*** Opening INPUT RECORDS ***

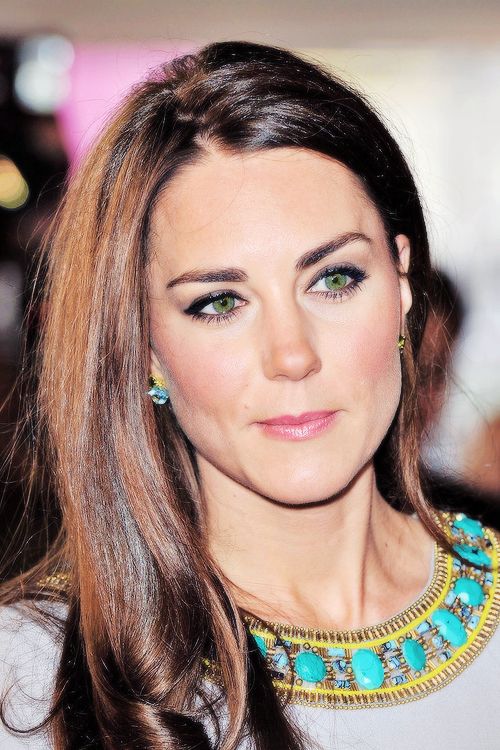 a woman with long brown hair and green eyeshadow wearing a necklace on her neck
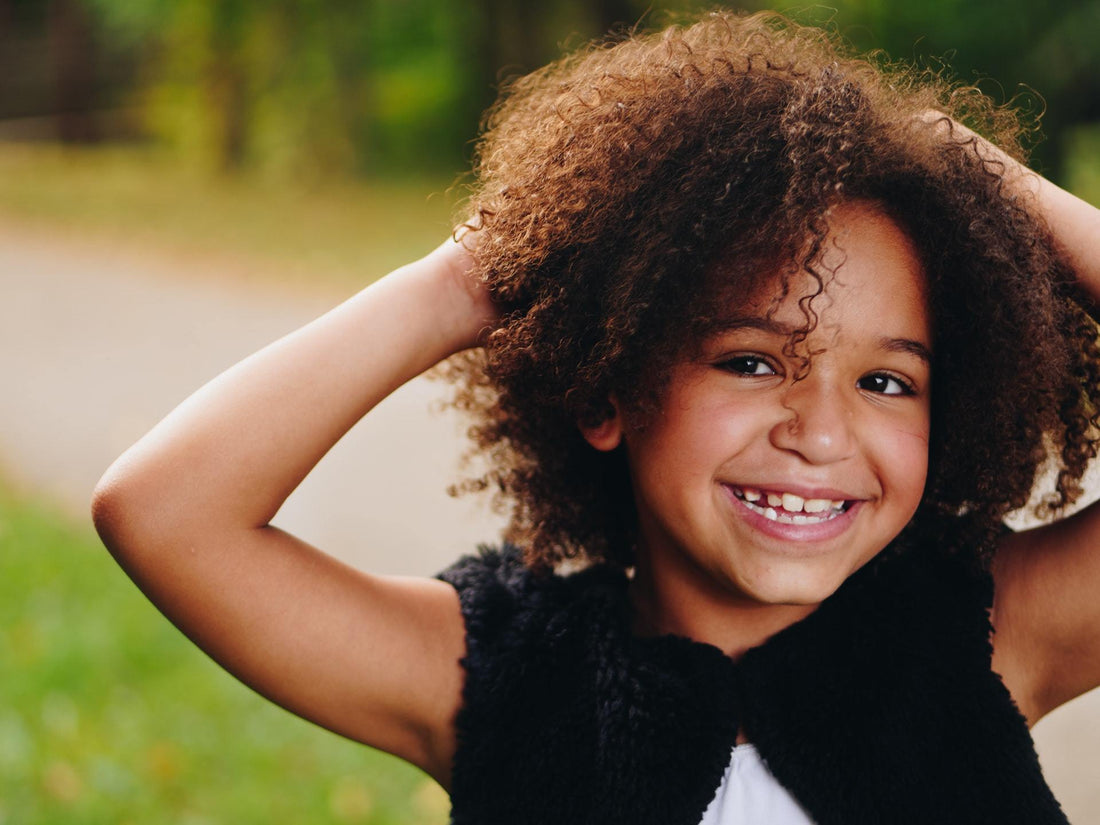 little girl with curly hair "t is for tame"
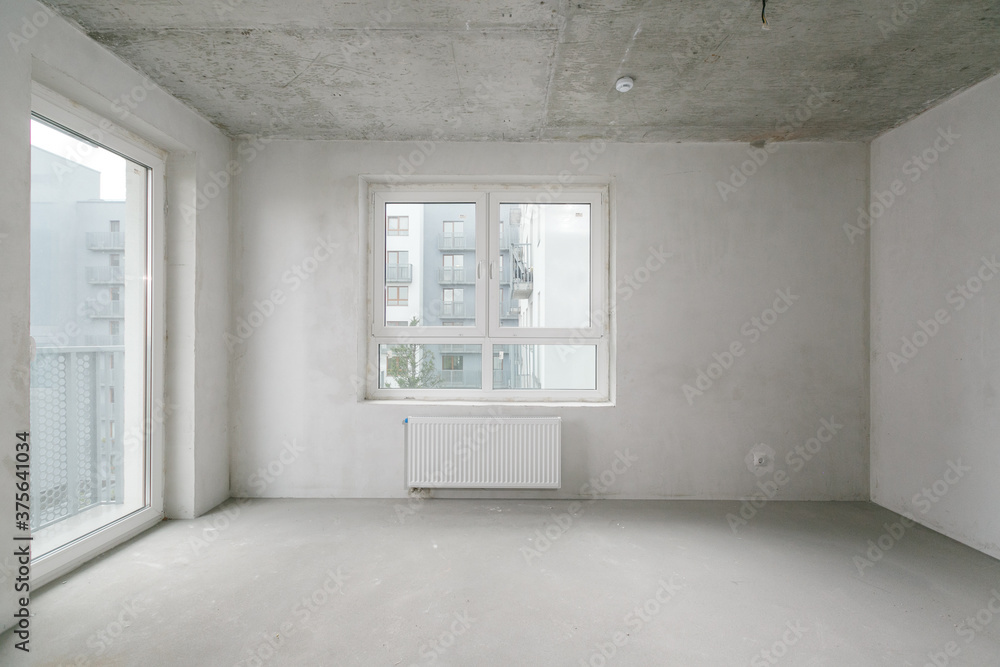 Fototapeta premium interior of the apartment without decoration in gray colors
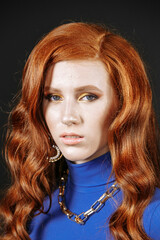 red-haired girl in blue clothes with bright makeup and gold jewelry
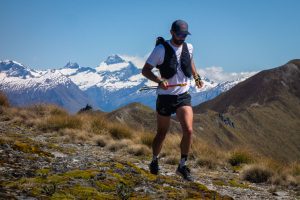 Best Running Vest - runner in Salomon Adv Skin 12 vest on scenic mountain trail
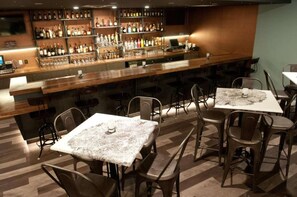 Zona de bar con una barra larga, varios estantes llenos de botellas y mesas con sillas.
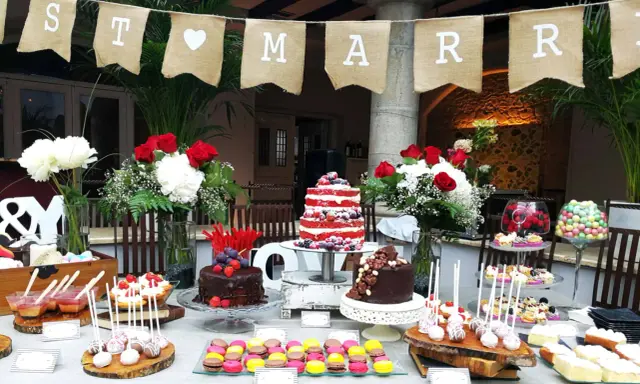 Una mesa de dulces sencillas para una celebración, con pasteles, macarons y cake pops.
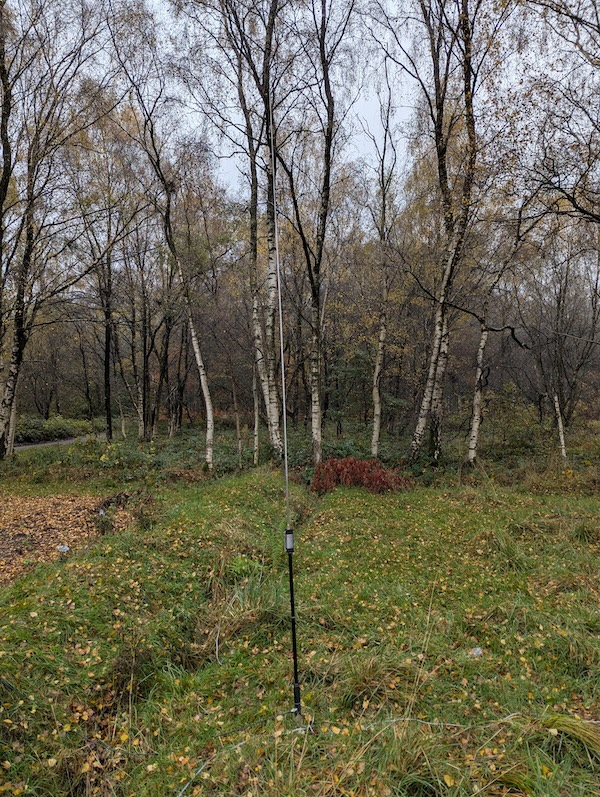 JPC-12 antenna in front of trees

*** Closing INPUT RECORDS ***
*** Opening INPUT RECORDS ***

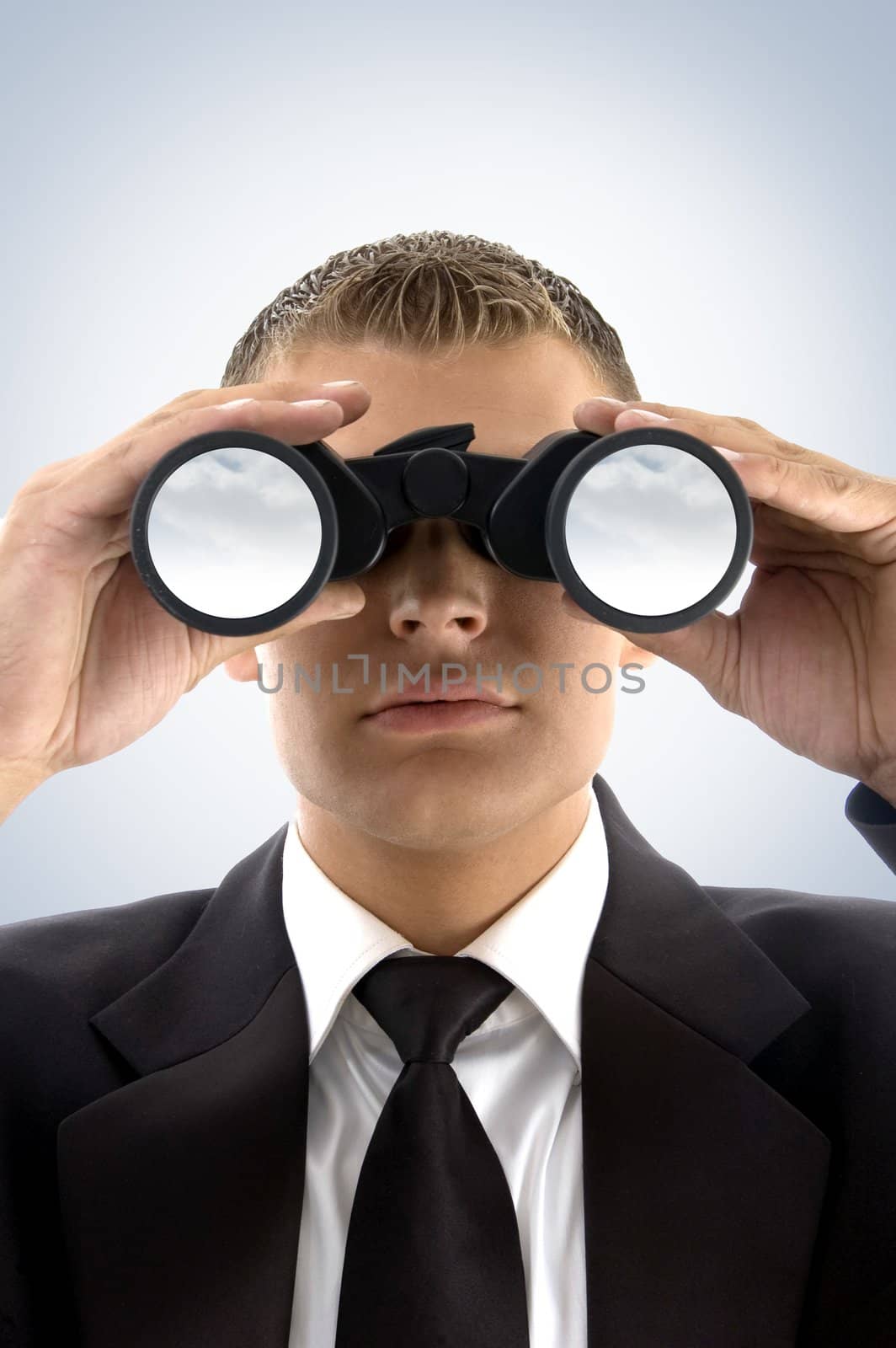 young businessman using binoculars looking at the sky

*** Closing INPUT RECORDS ***
*** Opening INPUT RECORDS ***

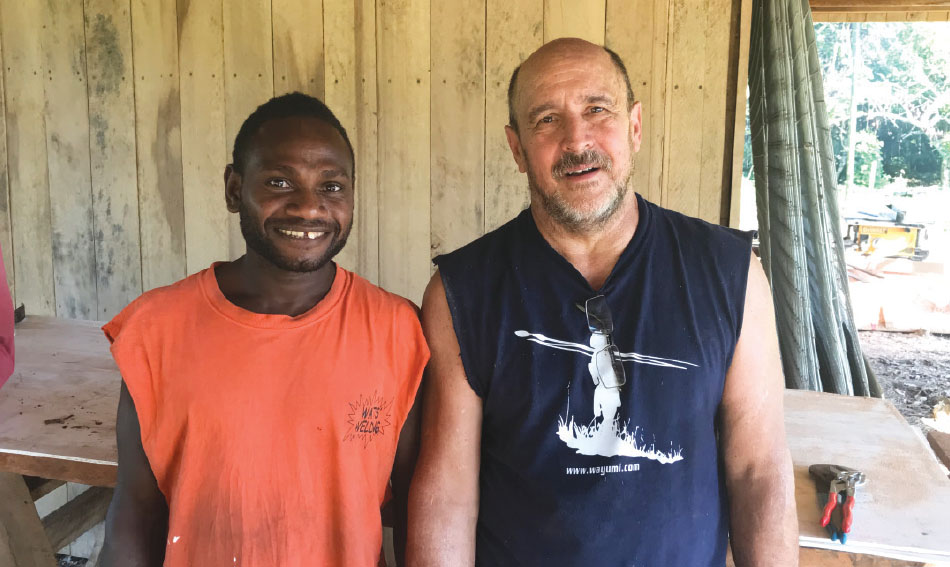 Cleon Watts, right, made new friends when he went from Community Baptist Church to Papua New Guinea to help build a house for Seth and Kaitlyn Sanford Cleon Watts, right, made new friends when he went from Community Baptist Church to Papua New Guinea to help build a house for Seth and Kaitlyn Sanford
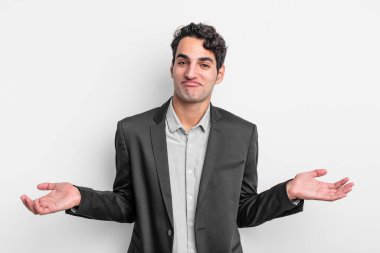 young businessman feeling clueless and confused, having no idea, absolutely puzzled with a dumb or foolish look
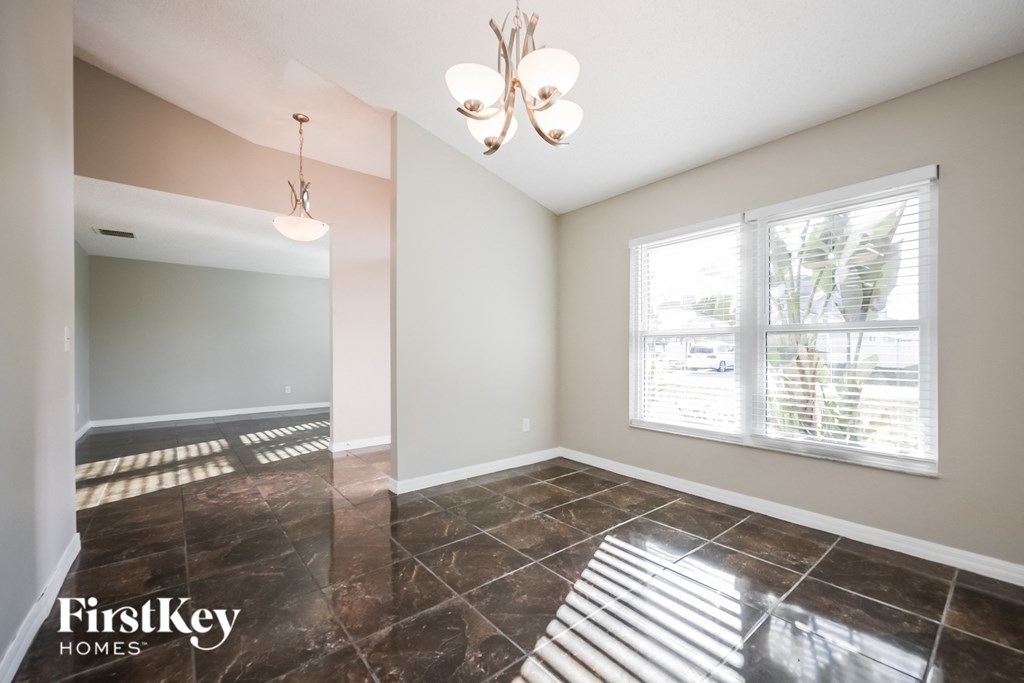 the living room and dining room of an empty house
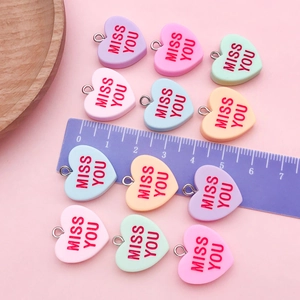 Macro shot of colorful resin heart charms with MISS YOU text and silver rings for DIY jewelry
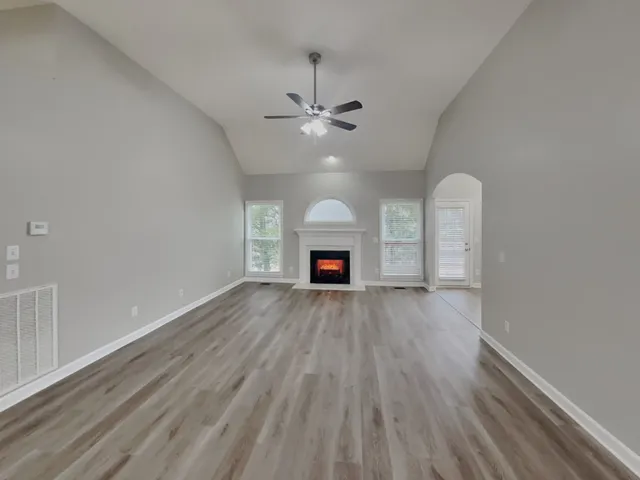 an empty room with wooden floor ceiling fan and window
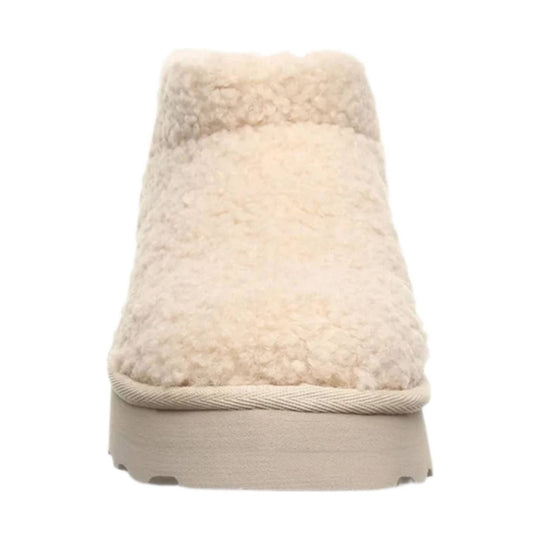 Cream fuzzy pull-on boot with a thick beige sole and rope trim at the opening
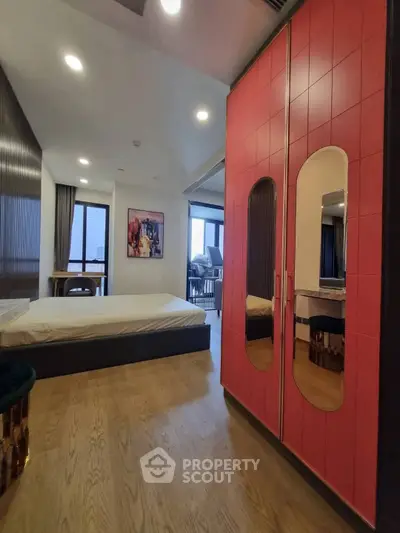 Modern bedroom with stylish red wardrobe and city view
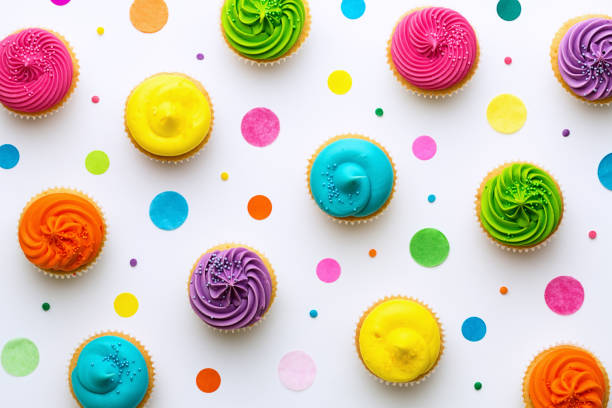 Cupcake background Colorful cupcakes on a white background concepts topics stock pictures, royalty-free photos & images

*** Closing INPUT RECORDS ***

### WORK INSTRUCTION
Please output the lines above beginning at the line with "the living room" and ending after the line with "Cupcake background Colorful", precisely as written and with no pictures.

### YOUR SOLUTION
 the living room and dining room of an empty house
 Macro shot of colorful resin heart charms with MISS YOU text and silver rings for DIY jewelry
 an empty room with wooden floor ceiling fan and window
 Cream fuzzy pull-on boot with a thick beige sole and rope trim at the opening
 Modern bedroom with stylish red wardrobe and city view
 Cupcake background Colorful cupcakes on a white background concepts topics stock pictures, royalty-free photos & images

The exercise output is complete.